Hackers often target the information systems that underlie critical systems in domains ranging from finance to healthcare. The estimated cost of defending against and responding to hacking incidents currently runs at hundreds of billions of dollars annually. To reduce these costs, many organizations have aimed to develop timely, relevant, actionable, and shareable Cyber Threat Intelligence (CTI) about security and privacy threats to support cybersecurity decision-making. However, existing methods tend to react to known threats rather than proactively detecting emerging ones. One promising approach to proactive exploit detection is mining large, international, and rapidly evolving online hacker community platforms to detect emerging threats and key actors. To this end, this project aims to develop advanced, proactive CTI capabilities through (1) collecting large, dynamic datasets of hacker forum posts and (2) developing methods to analyze them to extract emerging threats, particularly malware, through a novel graph-based method for modeling text content.

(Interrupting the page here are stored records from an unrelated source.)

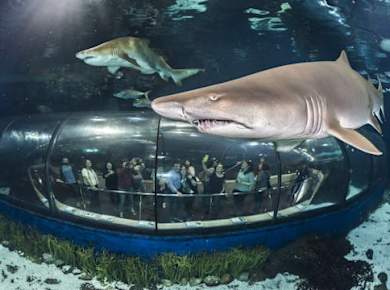 Barcelona Aquarium Ticket Only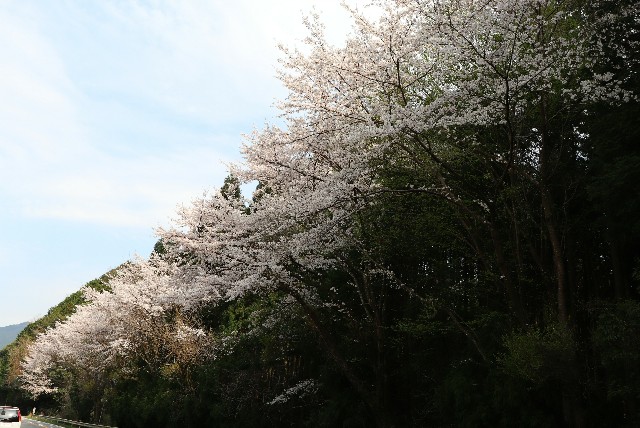 f:id:snow36:20200403155843j:image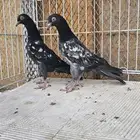 طبه باكستاني رام بوري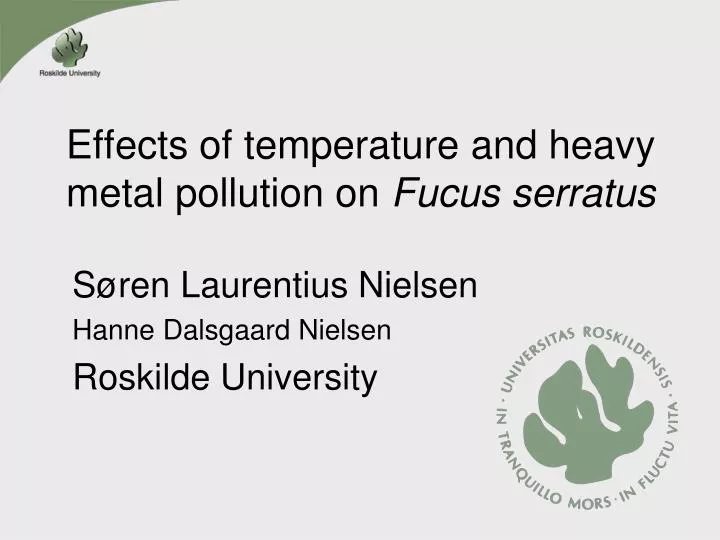 effects of temperature and heavy metal pollution on fucus serratus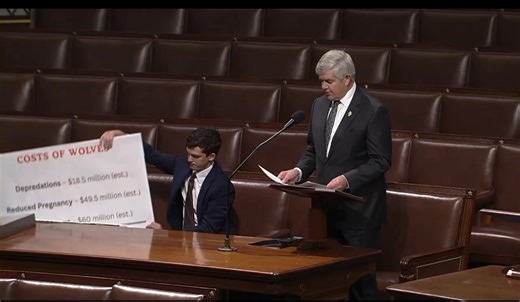 Wolves are natural born killers. The growth population of gray wolves through out the Western U.S. poses significant challenges for ranchers, farmers, and outdoorsmen’s alike. Delisting is the gray wolves is the only way that we are going to be able to allow our state fish and wildlife agencies to effectively manage wolf populations through following the science. | Congressman Cliff Bentz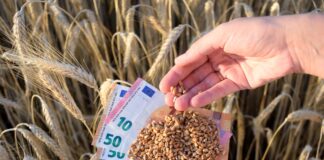 Puglia, in arrivo 30 milioni per l’agricoltura puglia finanziamenti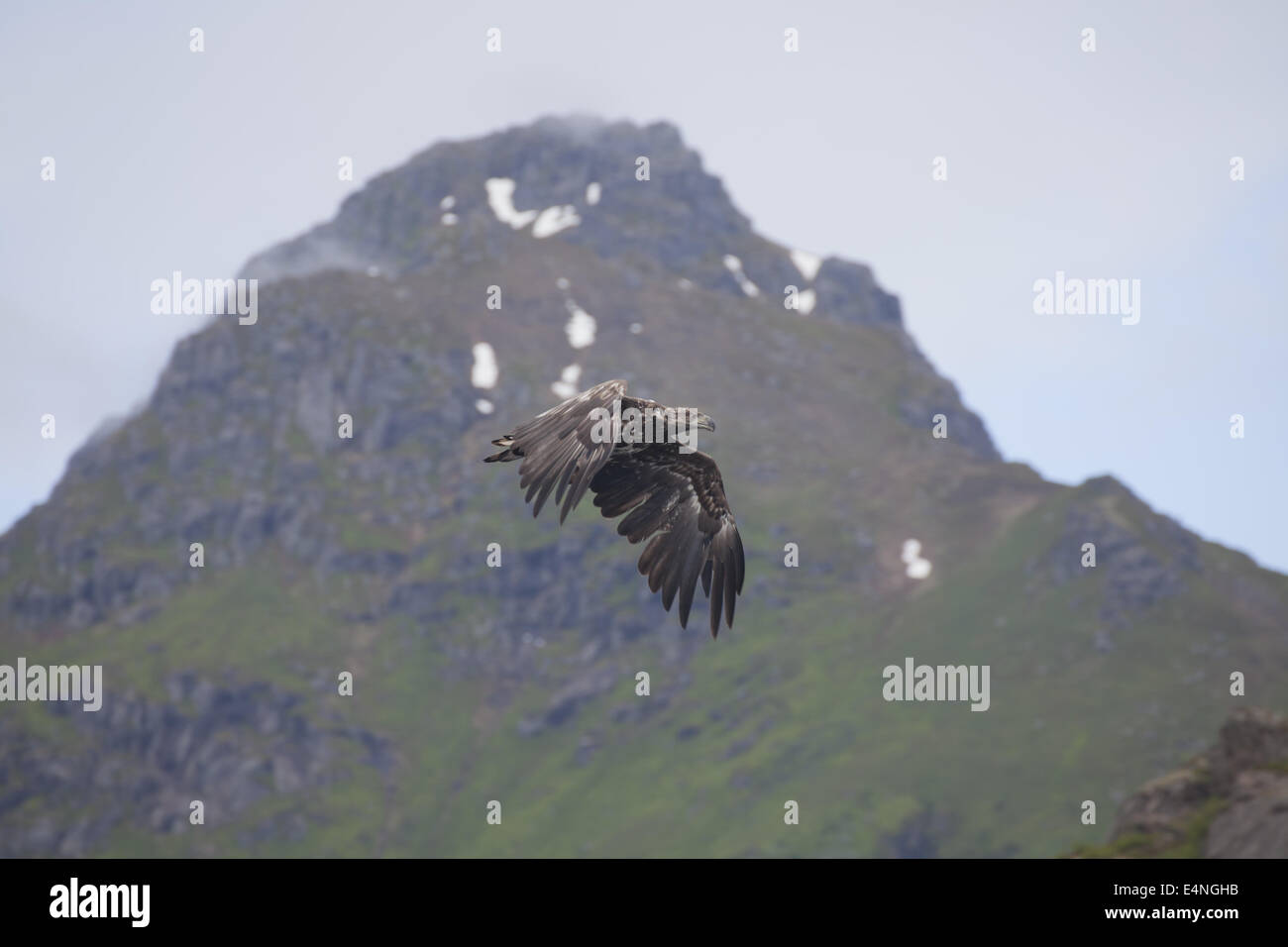 Flying Eagle-mer, îles Lofoten, Svolvær Banque D'Images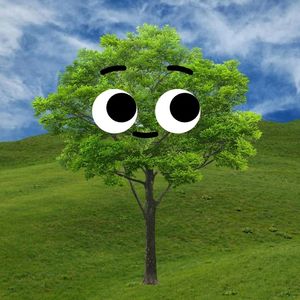 treeincrisis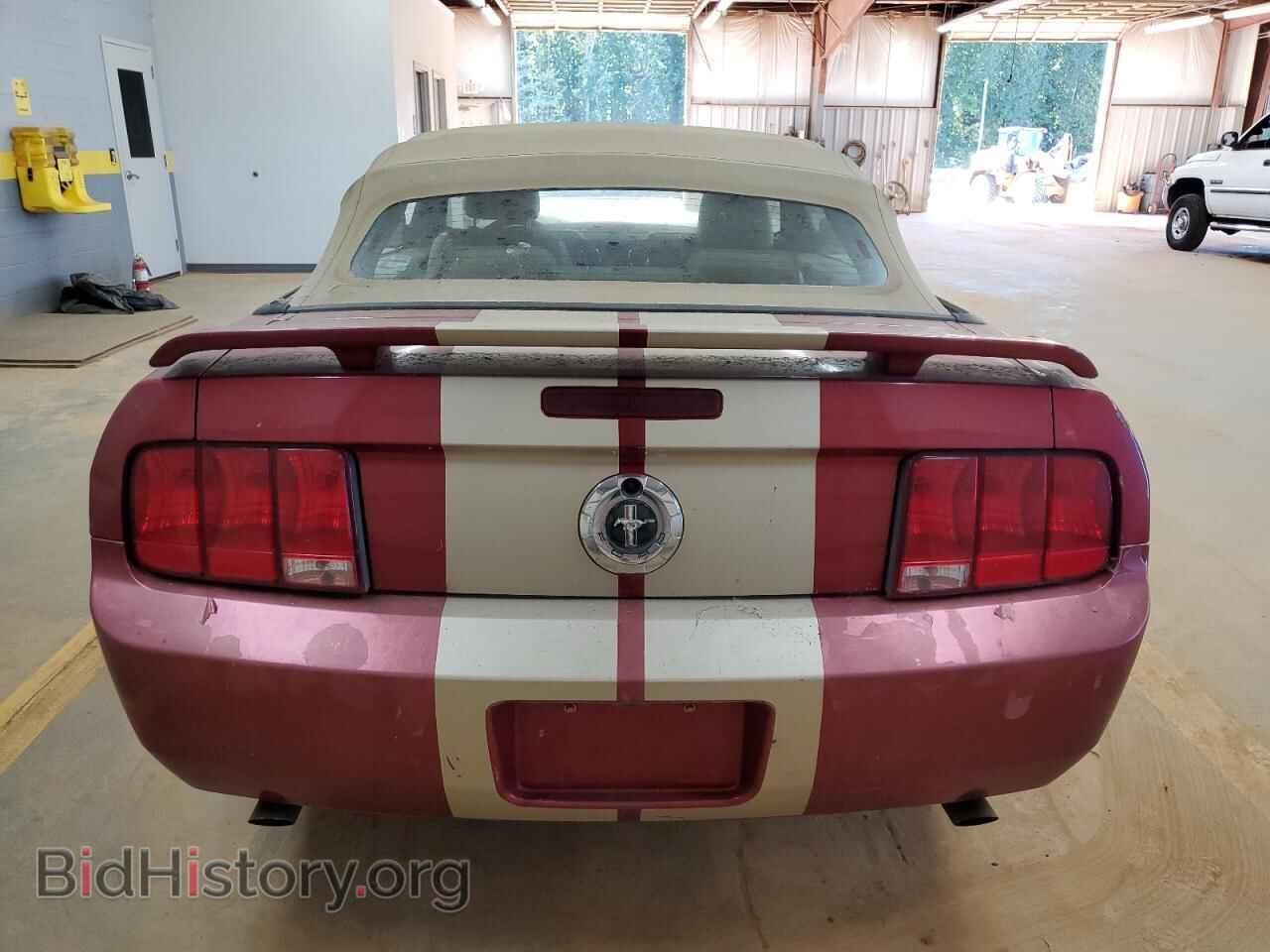 2005 FORD ALL Models - VIN: 1ZVFT84N155197242 - Фото 6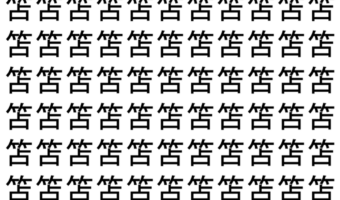 【脳トレ】「笘」の中に紛れて1つ違う文字がある！？あなたは何秒で探し出せるかな？？【違う文字を探せ！】
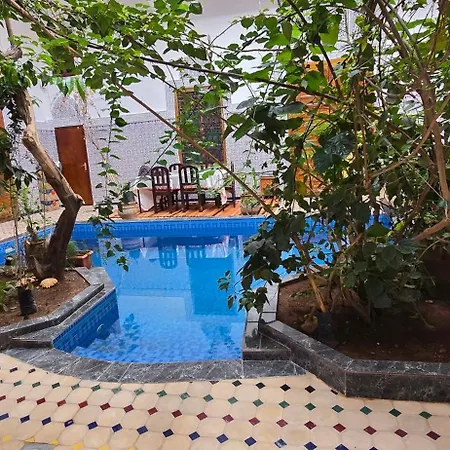 Riad Raffaa-3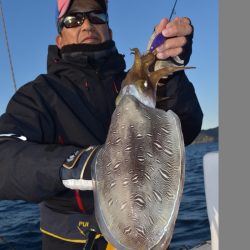 渡船屋たにぐち 釣果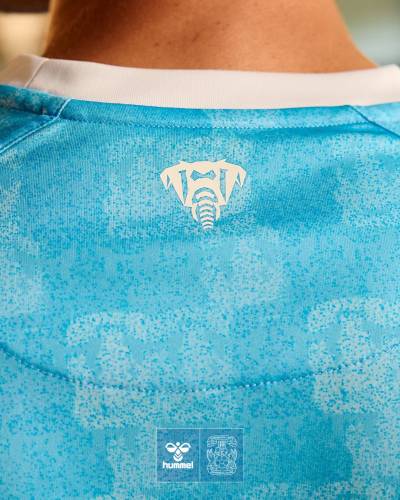 coventry_city_25_26_hummel_home_kit_c.jpg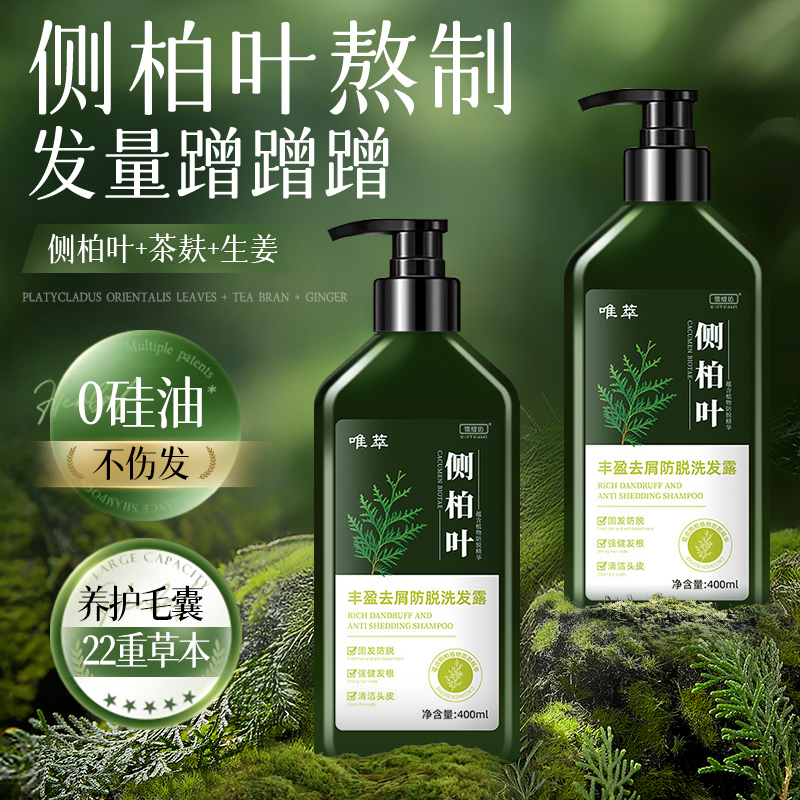 侧柏叶洗发水生姜茶麸植物草本养发防断脱控油蓬松去屑止痒洗发露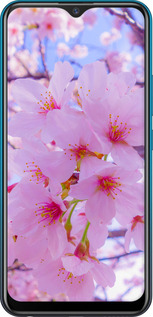 2D пластиковый чехол Сакура для Vivo Y11 - 6029t-629 изображение 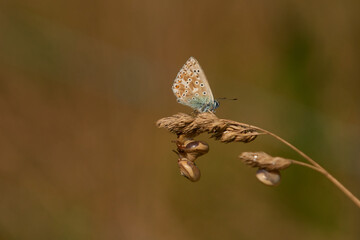 Himmelblauer Bläuling und Gemeine Heideschnecke	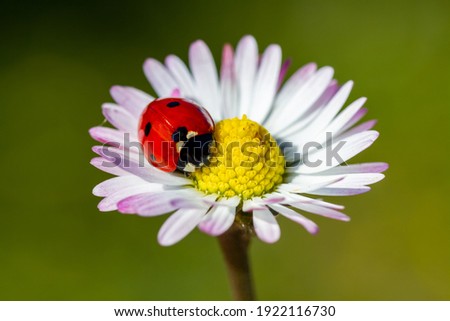 spring messenger, ladybug on flowering branch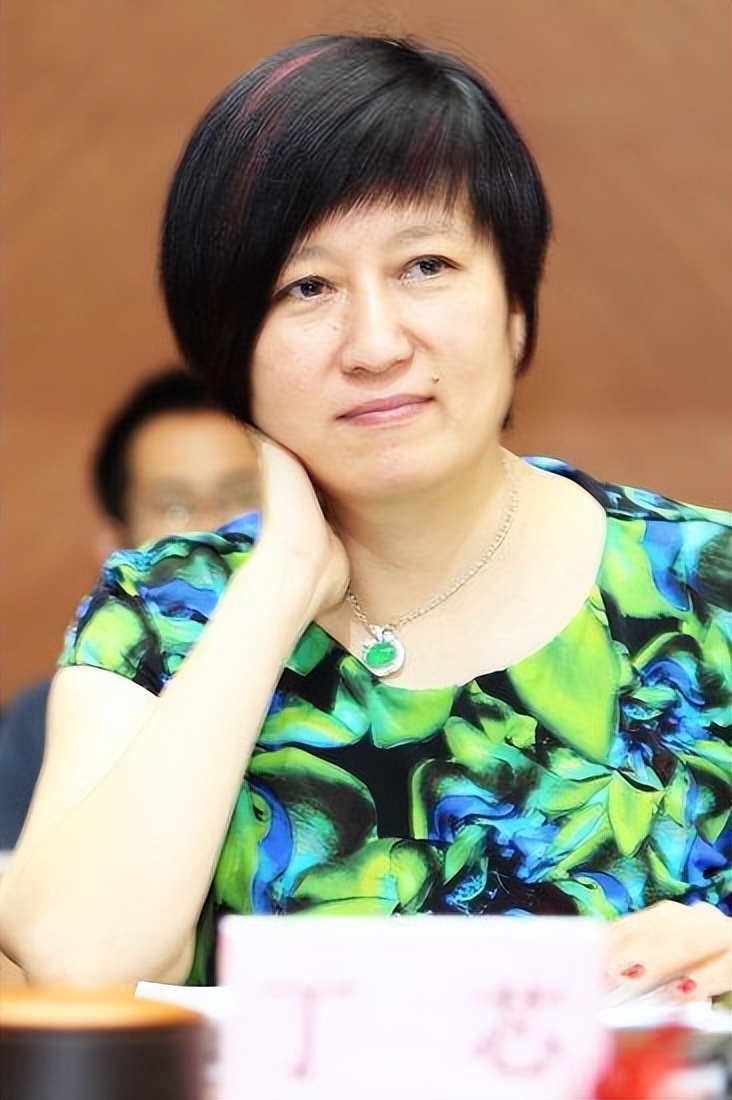 丁蕊赵宝刚,丁芯结婚了吗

To achieve these goals, this project aims to develop a novel CTI framework designed to collect and identify emerging threats from multi-million record hacker forums. To address the problem of collecting large-scale and dynamic datasets, the team will develop advanced obfuscated crawling mechanisms that bypass automated collection countermeasures while requiring minimal human involvement. The data collected will be segmented into time spells and analyzed by a novel computational algorithm, the Diachronic Graph Convolutional Autoencoder (D-GCAE). D-GCAE is rooted in methods drawn from the diachronic linguistics, network science, text mining, and deep learning communities. In this project, D-GCAE will extract graph embeddings at each time spell, align embeddings, and analyze semantic shifts of hacker terminology to identify potential emerging threats. These tools will be evaluated against both state-of-the-art benchmarks proposed in computer science and related domains and through analysis of their outputs by leading CTI sharing organizations. The datasets and tools will also be disseminated for use by cybersecurity researchers, practitioners, and educators.
This award reflects NSF's statutory mission and has been deemed worthy of support through evaluation using the Foundation's intellectual merit and broader impacts review criteria.